By saying that the suffering somehow deserves their fate has the dubious virtue of putting you out of my misery. It’s a platitude that creates a comfortable distance between us and the pain of the moment. It preserves the illusion of control when things are clearly out of control.

But Jesus doesn’t go there. When people ran up to tell him all the bad news, they asked him if those Galileans executed by Pilate were above-average sinners? "No," he tells the crowd, "but unless you repent, you will all perish as they did." 

When a tower in a village called Siloam collapsed killing eighteen people who were in the wrong place at the time, was that because they were all sinners? Jesus says “no.”

When Jesus is presented with a man born blind, they asked Jesus “Who sinned, this man or his parents?”

“Neither.” says Jesus. And when he cures the man, Jesus denies a correlation between the man’s problem and someone’s sin.

A long time ago a science teacher once taught me that correlation is not causation. Sometimes, he said, it’s not even correlation... just dumb luck or bad data.

And that’s true in everyday theology, too. We often act as if God keeps a big ledger and, like Santa Claus, keeps track of who’s been naughty or nice and decides to send earthly punishments or rewards accordingly! To this, Jesus says “no.”

Does God cause tyrants to kill people by dropping bombs on theaters sheltering refugees or make it so church people riding in a van on a highway are killed in a head-on collision because they’ve done something to deserve it? No!

Does God send illness or catastrophe as object lessons in behaving well? Jesus says “no!”

But while Jesus says, there is no connection between the suffering and the sin, he reminds us that the death rate for all humanity is still 100%, that is enough for Jesus to urge us to line up our lives with God.

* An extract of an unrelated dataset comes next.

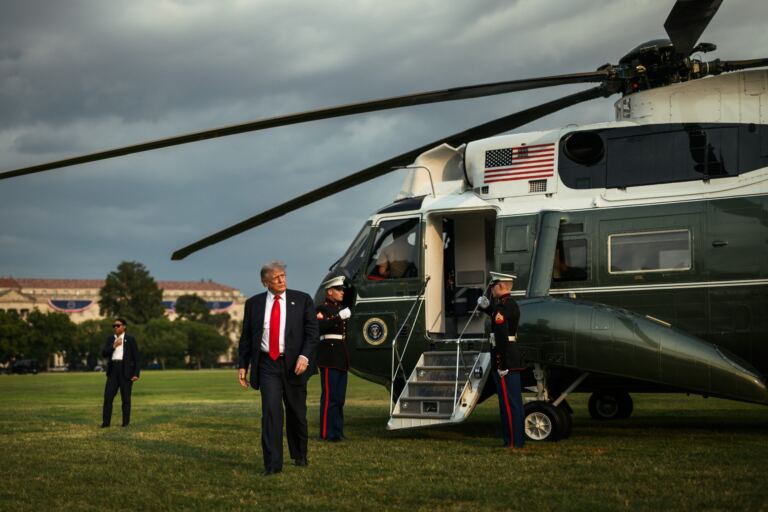 helicoptero-com-trump-passa-a-pouco-mais-de-1-km-de-aviao-comercial;-entenda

Yes, I hear your “but”… But there is suffering that comes out of our actions! We see it all the time, you tell me!

But... sometimes we do choose to do things that harm us: like cigarette smoking, not caring for our health, exploiting others, abusing power, driving drunk, carelessly polluting our planet, or dealing with our rage with violence.

But... it is possible for us to inflict our sin on ourselves and others!

And you would be right! After all, we did just say the Penitential Order for a reason, right?

Okay... but think about it. Is God the one doing that? Or are these part and parcel of what we confess to God as sin? 

Underneath all the rationalizations there is terror. If I had a nickel for everyone I’ve heard tell a grieving person that God needed a deceased loved one more than we do, or when someone says that God only gives us what we can handle, then I’d have a Brinks truck for a piggy bank.

Listen. I get it. Life can be scary, and tragedy knocks the wind out of our sails. People say stuff like that because by giving every random calamity or violence a motive, no matter how lame, we are attempting with our heads to keep the terror in our hearts at bay.

But instead of shifting all the blame on God or even on us, Jesus invites us to go deeper. He goes to our most vulnerable spot and invites us to peer into those scary spaces in our souls. It is okay to feel the full fragility of life – but instead of staying in the place of fear, Jesus calls us to turn toward the light. And that takes courage.

Jesus invites us to turn towards God and gives us the courage to face our fear. Terrible things happen, and you are not always to blame. But don’t let that stop you from cultivating the good. You know that fearful place you feel at the pit of your stomach? That is also a holy place inside you, nurture it. 

Many years ago, Rabbi Harold Kushner said in his book When Bad Things Happen to Good People, that God willingly gives up one of God’s three attributes—that God knows everything, that God is all powerful, and that God is all loving—in order that we might be free. I am indebted to him for this insight. Over the years, I have taken it on a different, and, I hope, a more Trinitarian track. 

Some Christians like to have God be the one behind every circumstance and every event…the cosmic manager (or puppeteer, some will sneer). Others understand God as the one who makes the clock, winds it, and walks away. That’s because we humans are binary. We like things to be either one or zero. Yankees or Red Sox. Ford or Chevy. One way or the other. Our brains cannot wrap themselves around too much contradiction. 

But instead of living in an either/or, one or zero world, I believe we live in a universe of concurrent realities. This ought not to surprise us. After all, we know Jesus to be fully human and fully God. Christians know that God is a Trinity of three distinct persons—Father, Son, and Holy Spirit-- who contain the fullness of the one God without diluting the personhood of the three. When we say the creed or close a collect, we acknowledge in shorthand that the nature of God is a unity of concurrent realities. 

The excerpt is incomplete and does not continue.